Posiblemente los detectives nacionales Cayetano Brulé de Ampuero y Heredia (de la estupenda serie de Ramón Díaz Eterovic, publicada por LOM)  se remiten al Pepe Carvalho de Manuel Vásquez Montalbán, que aparece en muchos libros y películas basadas en ellos e interpretado por Juanxo Puig Gorbé.  Hay muchas diferencias entre Heredia, que se acerca más a la concepción del género detectivesco de Vázquez Montalbán, cuyo Pepe Carvalho es “un vehículo expresivo del autor para legar una crónica sociopolítica, histórica y cultural de los últimos cuarenta años [de España]“ (p. de Vázquez Montalbán en Wikipedia) y el Cayetano Brulé de Ampuero, remitido más al producto descontextualizado y adscrito a la moda y el oportunismo comercial.

Todo el capítulo 13 constituye un gran panegírico a Roberto Bolaño. Aqui el ditirambo llega a niveles sublimes. El “fenómeno Bolaño” rebasa ampliamente el alcance y propósito de estas notas pero creemos que, aparte de su enorme proyección mediática, típica de la época globalizada de la literatura, por su misma muerte anunciada en que muchos (pero no todos)  “le deben un hígado a Bolaño”, según expresó Nicanor  en uno de sus artefactos.   La acritud y el encono personal transvasijado en seguidillas de textos—como en el caso del Neruda— han sido siempre un género menor dentro de la misma literatura local y universal, y Bolaño hizo de él una especie de “marca de fábrica”.  Inclusive considerando esta tendencia nacional, los elogios maximalistas de CO nos parecen desproporcionados e incongruentes con su historia de lector/editor, en sus trabajos y sus días que le hicieron crear este IF.

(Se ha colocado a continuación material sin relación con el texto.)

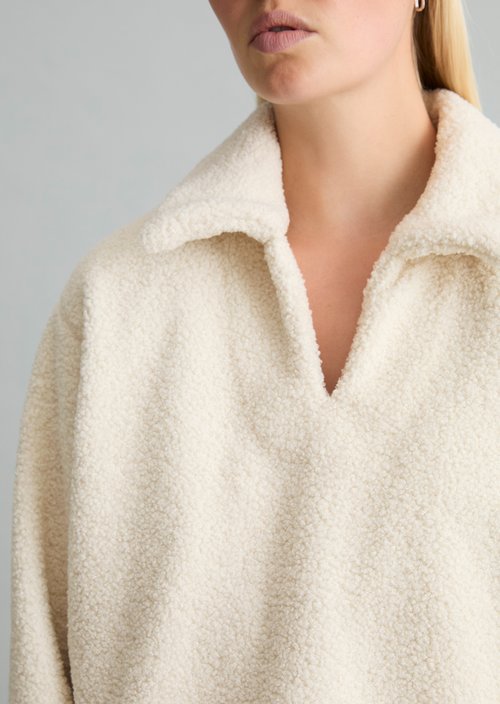 Oversized Teddy Sweatshirt — White Blush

Después de Bolaño, se continúa el desfile de inmortales locales o de fácil exportación.  CO parece respetar los valores literarios de “sus” autores, pero en el fondo —o al menos, esto es lo que se desprende de la lectura de IF— lo que él verdaderamente respeta es el éxito comercial.

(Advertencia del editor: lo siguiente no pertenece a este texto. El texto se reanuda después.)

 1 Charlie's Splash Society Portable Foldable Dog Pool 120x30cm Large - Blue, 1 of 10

También, como un “editor omnisciente”, decreta el olvido eterno para obras, entre las que se cuenta la mía, en una actitud que derechamente podríamos calificar de cínica, pues olvida CO que esos libros, increíblemente sometidos a la negligencia de sus propios editores, “más temprano que tarde” suelen resucitar de la catalepsia a la que los sometieron individuos negligentes e inescrupulosos.

La historia de estos casos confluye en el lado B del glamour, que Orellana en sus memorias investe a los nuevos seudomaestros de la literatura local.  Recordar esos casos de olvido y desprecio injustificable, necesitaría otro artículo.  Pero podríamos exponer un caso paradigmático, a través de la historia de mi propia novela y su saga con CO y Planeta. 
  
II  Calducho y Planeta 

“Conocido es otro caso: el de aquellos a quienes,  a pesar de sus reales valores, el medio rechaza porque los considera peligrosos, conflictivos, poco afines a los valores dominantes, nada recomendables o simplemente molestos, por su obra o por su práctica social, y son en consecuencia perseguidos, vilipendiados, despreciados o ninguneados. Hasta que fallecen y les son entonces abiertas las puertas de la gloria”  (IF, 240)

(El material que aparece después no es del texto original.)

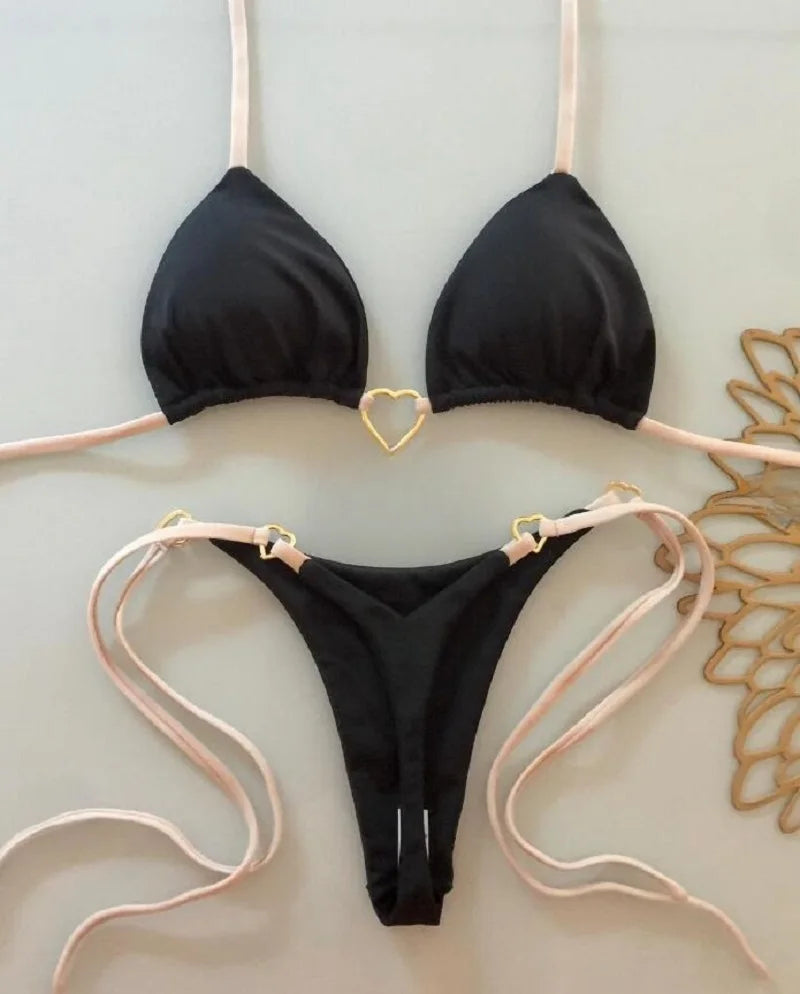 Sexy Triangle Thong Bikini Set – Women Beachwear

“…confirmando el pecado nacional de la desmemoria, ya nadie recuerda. Algo similar ocurre con Calducho [título incompleto], otra gran novela de Hernán Castellano Girón que también ha vivido largos años en los Estados Unidos...”
(comentario inserto en el párrafo dedicado a Muriendo por la dulce patria mía, de Roberto Castillo Sandoval, IF, 260)

Se han cumplido diez años de la publicación de Calducho o las serpientes de calle Ahumada en julio de 1998, y observado en la perspectiva  en este tiempo no parece haberse cumplido el sombrío veredicto / vaticinio de olvido expresado por Carlos Orellana en sus memorias (ver parte uno de este artículo).

Pero igual   creemos que vale la pena puntualizar algunas cosas y rememorar la alucinante saga de una obra que sin duda —y no es una opinión mía— ha sido un  producto excelso de la editorial, y que recibió un trato inaudito por parte de los editores, pasando por lo mismo casi desapercibido (aunque muchas veces deliberadamente ignorado por instancias externas a la editorial pero muy probablemente conectadas a ella).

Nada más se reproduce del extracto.